Give the records back in full, exactly as they read.

### Exercise input:
-=-=-=-=-

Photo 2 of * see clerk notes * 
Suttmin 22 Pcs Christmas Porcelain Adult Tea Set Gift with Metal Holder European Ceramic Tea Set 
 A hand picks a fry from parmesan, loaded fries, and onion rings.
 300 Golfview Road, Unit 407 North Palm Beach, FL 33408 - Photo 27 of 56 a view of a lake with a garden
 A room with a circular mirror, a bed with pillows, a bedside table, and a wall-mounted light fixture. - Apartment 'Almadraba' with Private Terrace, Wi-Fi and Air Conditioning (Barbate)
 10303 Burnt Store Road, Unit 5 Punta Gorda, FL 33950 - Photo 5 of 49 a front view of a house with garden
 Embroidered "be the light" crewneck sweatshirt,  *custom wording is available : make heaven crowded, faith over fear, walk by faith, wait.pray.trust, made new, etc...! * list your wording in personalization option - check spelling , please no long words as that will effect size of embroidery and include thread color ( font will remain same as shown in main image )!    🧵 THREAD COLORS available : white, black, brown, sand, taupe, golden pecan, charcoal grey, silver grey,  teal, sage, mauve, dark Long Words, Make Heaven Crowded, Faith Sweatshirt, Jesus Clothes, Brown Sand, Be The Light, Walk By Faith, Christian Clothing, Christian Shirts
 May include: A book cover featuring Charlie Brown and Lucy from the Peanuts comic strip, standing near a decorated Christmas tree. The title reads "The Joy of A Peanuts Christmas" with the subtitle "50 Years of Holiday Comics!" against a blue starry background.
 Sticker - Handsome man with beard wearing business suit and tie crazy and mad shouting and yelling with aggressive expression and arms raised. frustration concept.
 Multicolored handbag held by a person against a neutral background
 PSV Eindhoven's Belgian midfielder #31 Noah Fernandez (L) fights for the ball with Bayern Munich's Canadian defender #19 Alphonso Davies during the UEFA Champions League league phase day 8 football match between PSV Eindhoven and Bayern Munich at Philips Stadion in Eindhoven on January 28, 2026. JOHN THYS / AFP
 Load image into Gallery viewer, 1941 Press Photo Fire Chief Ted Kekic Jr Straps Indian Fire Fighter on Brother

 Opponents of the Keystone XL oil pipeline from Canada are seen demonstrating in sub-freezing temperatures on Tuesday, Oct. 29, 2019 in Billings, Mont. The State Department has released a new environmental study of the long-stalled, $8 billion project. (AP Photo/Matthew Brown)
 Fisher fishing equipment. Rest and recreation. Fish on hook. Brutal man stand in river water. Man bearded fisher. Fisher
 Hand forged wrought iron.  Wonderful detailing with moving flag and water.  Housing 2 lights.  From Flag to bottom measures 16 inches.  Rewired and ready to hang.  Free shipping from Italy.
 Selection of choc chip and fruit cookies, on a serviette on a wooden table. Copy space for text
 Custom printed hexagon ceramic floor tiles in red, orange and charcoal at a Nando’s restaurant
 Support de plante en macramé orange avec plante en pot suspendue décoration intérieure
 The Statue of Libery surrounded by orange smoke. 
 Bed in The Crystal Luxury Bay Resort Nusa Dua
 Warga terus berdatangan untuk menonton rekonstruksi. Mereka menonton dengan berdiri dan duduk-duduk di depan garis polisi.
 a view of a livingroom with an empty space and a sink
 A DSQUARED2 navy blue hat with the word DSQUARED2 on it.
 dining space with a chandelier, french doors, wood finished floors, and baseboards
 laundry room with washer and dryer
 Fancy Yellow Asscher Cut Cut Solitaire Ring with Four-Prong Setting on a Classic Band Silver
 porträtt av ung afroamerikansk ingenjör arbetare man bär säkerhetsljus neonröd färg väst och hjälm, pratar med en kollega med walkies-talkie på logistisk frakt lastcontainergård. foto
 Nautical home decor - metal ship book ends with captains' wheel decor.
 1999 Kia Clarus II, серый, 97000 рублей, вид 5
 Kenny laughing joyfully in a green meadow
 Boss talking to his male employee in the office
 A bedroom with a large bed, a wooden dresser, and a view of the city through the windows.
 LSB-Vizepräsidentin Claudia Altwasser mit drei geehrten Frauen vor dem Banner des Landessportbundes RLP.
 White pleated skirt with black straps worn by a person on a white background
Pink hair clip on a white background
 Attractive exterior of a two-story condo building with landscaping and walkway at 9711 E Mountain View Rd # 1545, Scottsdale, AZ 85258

-=-=-=-=-

### The answer:
Photo 2 of * see clerk notes * 
Suttmin 22 Pcs Christmas Porcelain Adult Tea Set Gift with Metal Holder European Ceramic Tea Set 
 A hand picks a fry from parmesan, loaded fries, and onion rings.
 300 Golfview Road, Unit 407 North Palm Beach, FL 33408 - Photo 27 of 56 a view of a lake with a garden
 A room with a circular mirror, a bed with pillows, a bedside table, and a wall-mounted light fixture. - Apartment 'Almadraba' with Private Terrace, Wi-Fi and Air Conditioning (Barbate)
 10303 Burnt Store Road, Unit 5 Punta Gorda, FL 33950 - Photo 5 of 49 a front view of a house with garden
 Embroidered "be the light" crewneck sweatshirt,  *custom wording is available : make heaven crowded, faith over fear, walk by faith, wait.pray.trust, made new, etc...! * list your wording in personalization option - check spelling , please no long words as that will effect size of embroidery and include thread color ( font will remain same as shown in main image )!    🧵 THREAD COLORS available : white, black, brown, sand, taupe, golden pecan, charcoal grey, silver grey,  teal, sage, mauve, dark Long Words, Make Heaven Crowded, Faith Sweatshirt, Jesus Clothes, Brown Sand, Be The Light, Walk By Faith, Christian Clothing, Christian Shirts
 May include: A book cover featuring Charlie Brown and Lucy from the Peanuts comic strip, standing near a decorated Christmas tree. The title reads "The Joy of A Peanuts Christmas" with the subtitle "50 Years of Holiday Comics!" against a blue starry background.
 Sticker - Handsome man with beard wearing business suit and tie crazy and mad shouting and yelling with aggressive expression and arms raised. frustration concept.
 Multicolored handbag held by a person against a neutral background
 PSV Eindhoven's Belgian midfielder #31 Noah Fernandez (L) fights for the ball with Bayern Munich's Canadian defender #19 Alphonso Davies during the UEFA Champions League league phase day 8 football match between PSV Eindhoven and Bayern Munich at Philips Stadion in Eindhoven on January 28, 2026. JOHN THYS / AFP
 Load image into Gallery viewer, 1941 Press Photo Fire Chief Ted Kekic Jr Straps Indian Fire Fighter on Brother

 Opponents of the Keystone XL oil pipeline from Canada are seen demonstrating in sub-freezing temperatures on Tuesday, Oct. 29, 2019 in Billings, Mont. The State Department has released a new environmental study of the long-stalled, $8 billion project. (AP Photo/Matthew Brown)
 Fisher fishing equipment. Rest and recreation. Fish on hook. Brutal man stand in river water. Man bearded fisher. Fisher
 Hand forged wrought iron.  Wonderful detailing with moving flag and water.  Housing 2 lights.  From Flag to bottom measures 16 inches.  Rewired and ready to hang.  Free shipping from Italy.
 Selection of choc chip and fruit cookies, on a serviette on a wooden table. Copy space for text
 Custom printed hexagon ceramic floor tiles in red, orange and charcoal at a Nando’s restaurant
 Support de plante en macramé orange avec plante en pot suspendue décoration intérieure
 The Statue of Libery surrounded by orange smoke. 
 Bed in The Crystal Luxury Bay Resort Nusa Dua
 Warga terus berdatangan untuk menonton rekonstruksi. Mereka menonton dengan berdiri dan duduk-duduk di depan garis polisi.
 a view of a livingroom with an empty space and a sink
 A DSQUARED2 navy blue hat with the word DSQUARED2 on it.
 dining space with a chandelier, french doors, wood finished floors, and baseboards
 laundry room with washer and dryer
 Fancy Yellow Asscher Cut Cut Solitaire Ring with Four-Prong Setting on a Classic Band Silver
 porträtt av ung afroamerikansk ingenjör arbetare man bär säkerhetsljus neonröd färg väst och hjälm, pratar med en kollega med walkies-talkie på logistisk frakt lastcontainergård. foto
 Nautical home decor - metal ship book ends with captains' wheel decor.
 1999 Kia Clarus II, серый, 97000 рублей, вид 5
 Kenny laughing joyfully in a green meadow
 Boss talking to his male employee in the office
 A bedroom with a large bed, a wooden dresser, and a view of the city through the windows.
 LSB-Vizepräsidentin Claudia Altwasser mit drei geehrten Frauen vor dem Banner des Landessportbundes RLP.
 White pleated skirt with black straps worn by a person on a white background
Pink hair clip on a white background
 Attractive exterior of a two-story condo building with landscaping and walkway at 9711 E Mountain View Rd # 1545, Scottsdale, AZ 85258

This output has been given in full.